A few days ago, I wrote about how the new Microsoft Kinect has been hacked so that you don’t need an Xbox to use it. There are now lots of tinkerers and hackers working with this hardware to see what else might be possible. Although it’s not as easy to see the immediate applications for Kinect in the language classroom as it was for the Wii-based interactive whiteboard, there are obvious parallels. And this new gaming hardware is more advanced than the Wiimote, which may offer more possibilities. I’ve posted some examples of some interesting Kinect-based projects below.
How does it work?
Infrared beams, and lots of them. Here’s how it looks with an infrared / nightvision camera.
Because Kinect can “see” surfaces in 3D, it can be used to create a multitouch interactive whiteboard on multiple surfaces.
Control your browser
Forget your mouse. Kinect can see the gestures you make in three-dimensional space. Use gestures to control your browser and more.
Teach it to recognize objects. Obviously, there is a lot more software in use here, but Kinect provides the interface.
Who wouldn’t want one of these?
In 1987, the movie Predator cost $18M. A significant portion of what was left over after paying Arnold Schwarzenegger was likely spent on the cool alien light-bending camouflage effects. Just over 20 years later, you can make the same effects on your computer using the $250 Kinect hardware.

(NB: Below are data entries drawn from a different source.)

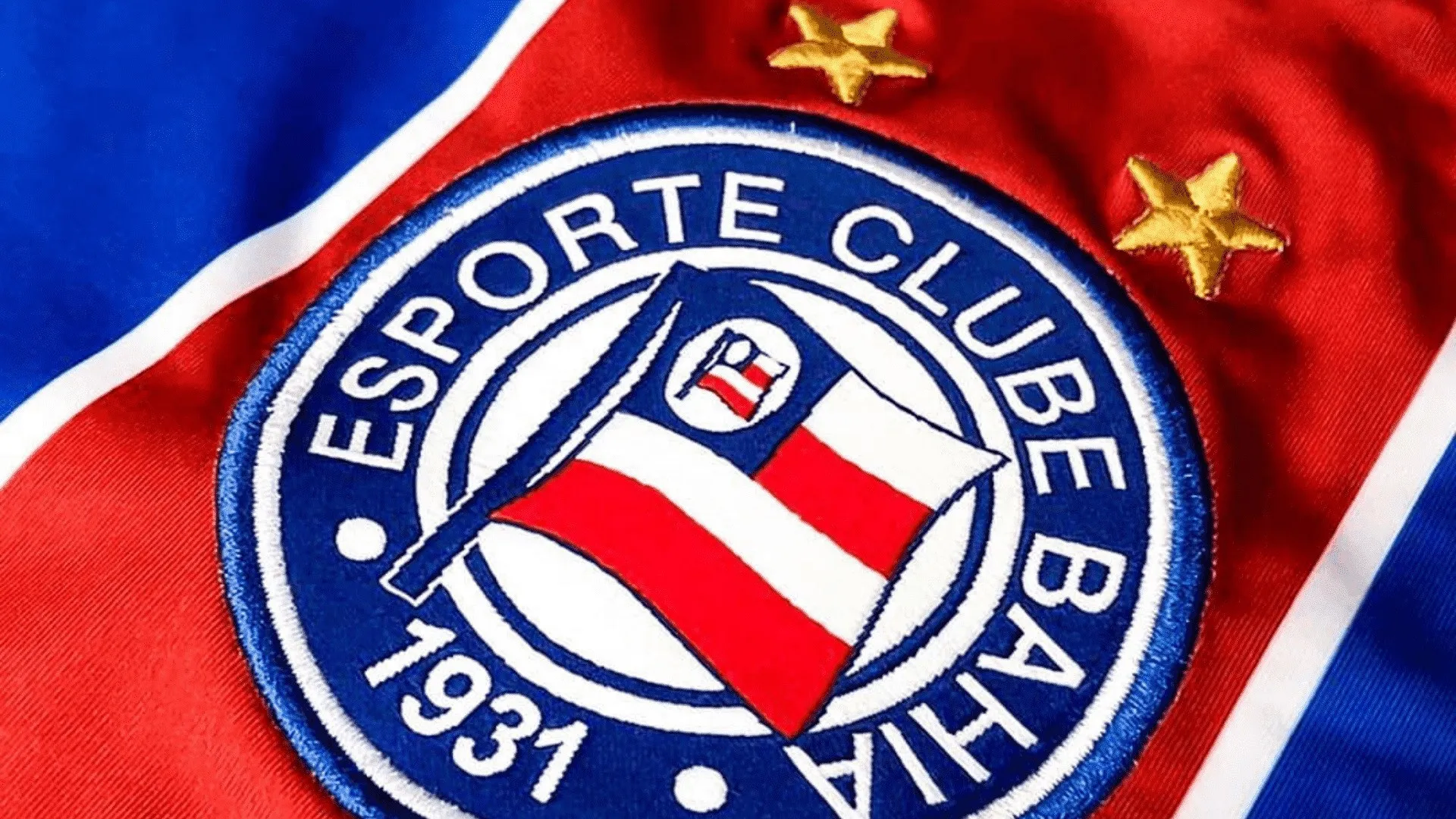 Bahia atropela Bragantino com golaços e cola nos líderes do Brasileiro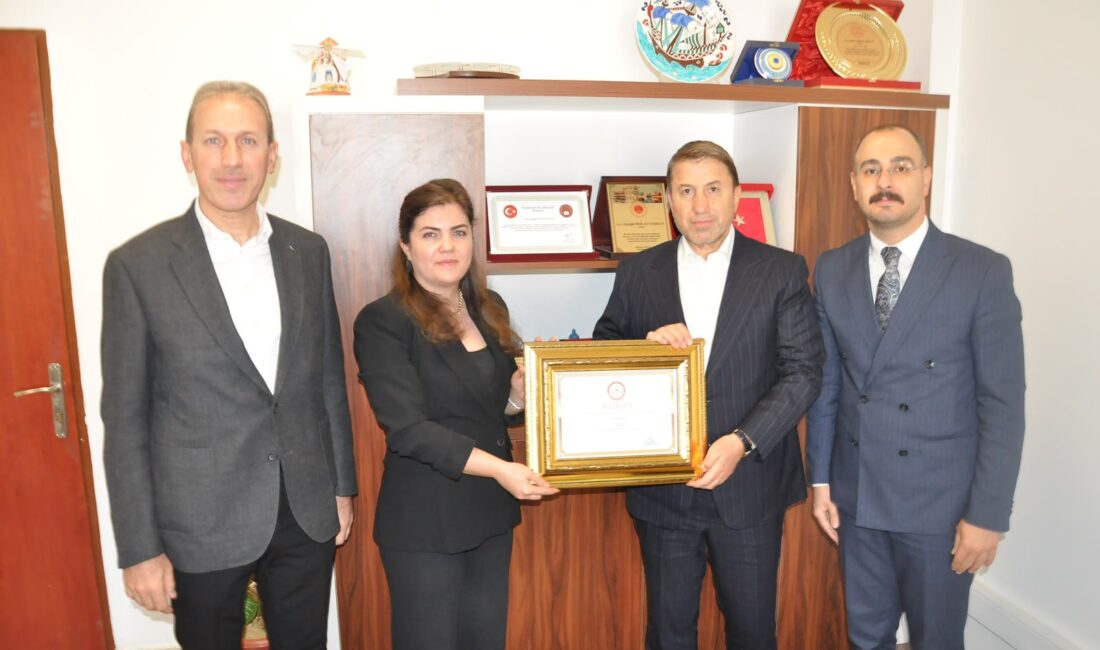 Siirt TSO Başkanı Güven Kuzu Mazbatasını Aldı Siirt Ticaret ve Sanayi Odası (STSO) Yönetim Kurulu Başkanlığına 7.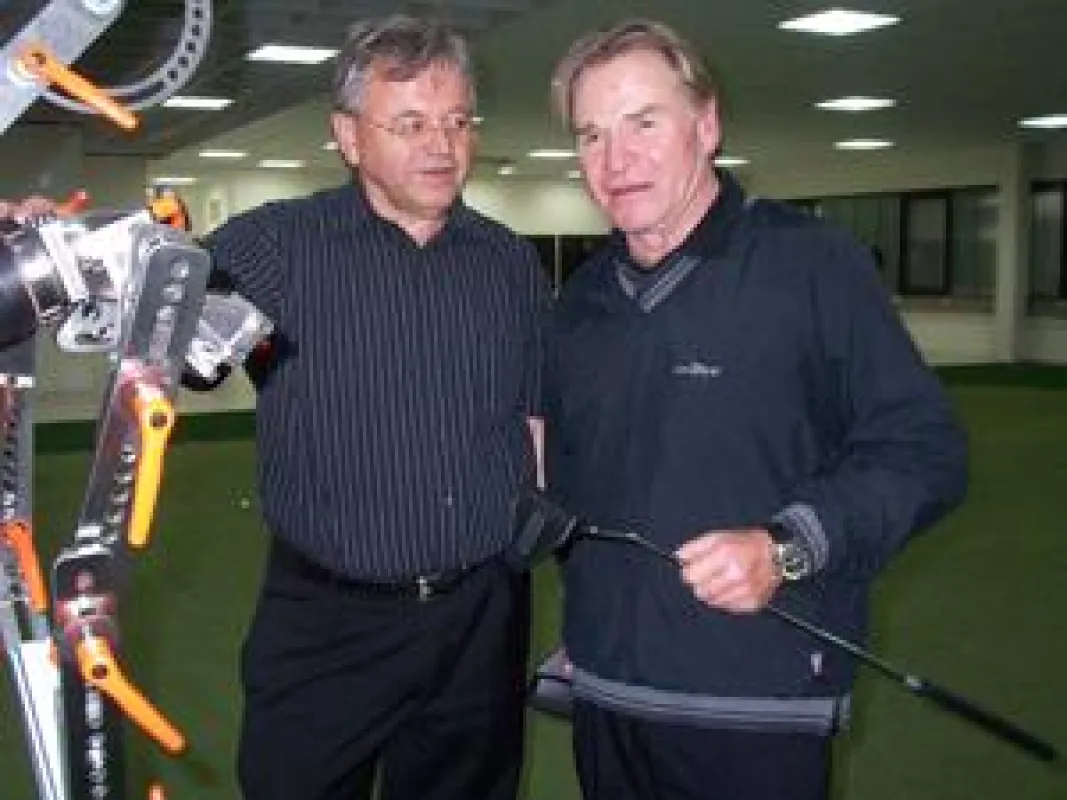 Wiestaw Kramski (re) und Fritz Wepper beim Putter-Fitting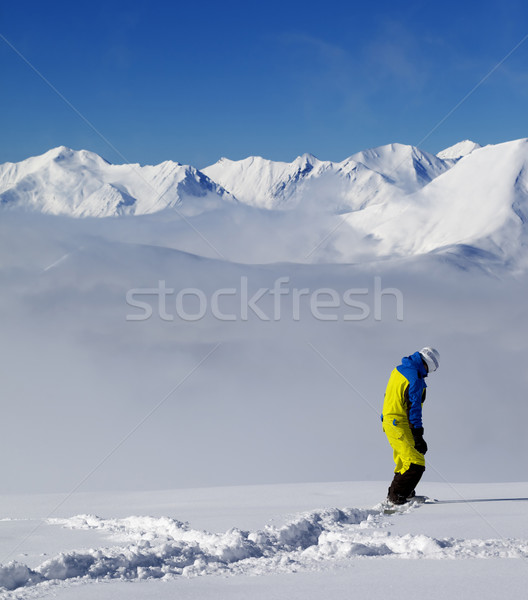 スノーボーダー スロープ 新しい 雪 コーカサス 山 ストックフォト © BSANI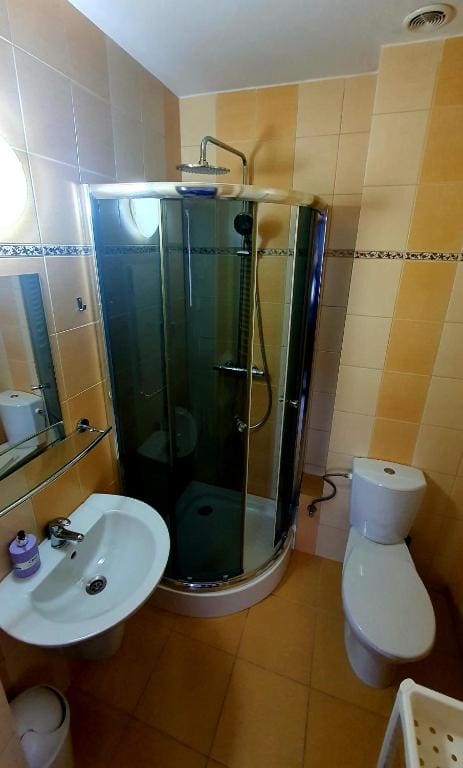Triple Room with Private Bathroom room - Image 2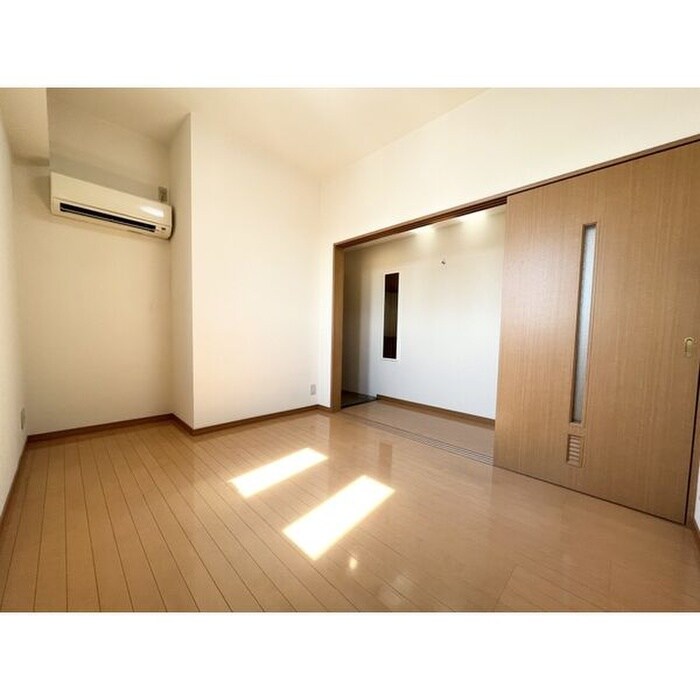 ロイヤルピジョン岩塚の物件内観写真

At first glance, this looks like really poor quality video, but stick with it. Notice the Kinect camera does not move, but with the flick of a mouse, the point of view can be changed as Kinect extrapolates where everything is in the space based on what it can see from where it is. The black shadows are where Kinect can’t see.
Using 2 Kinects, most of the shadows are filled in. The effect is like a translation of the real world into a low resolution Second Life-like environment.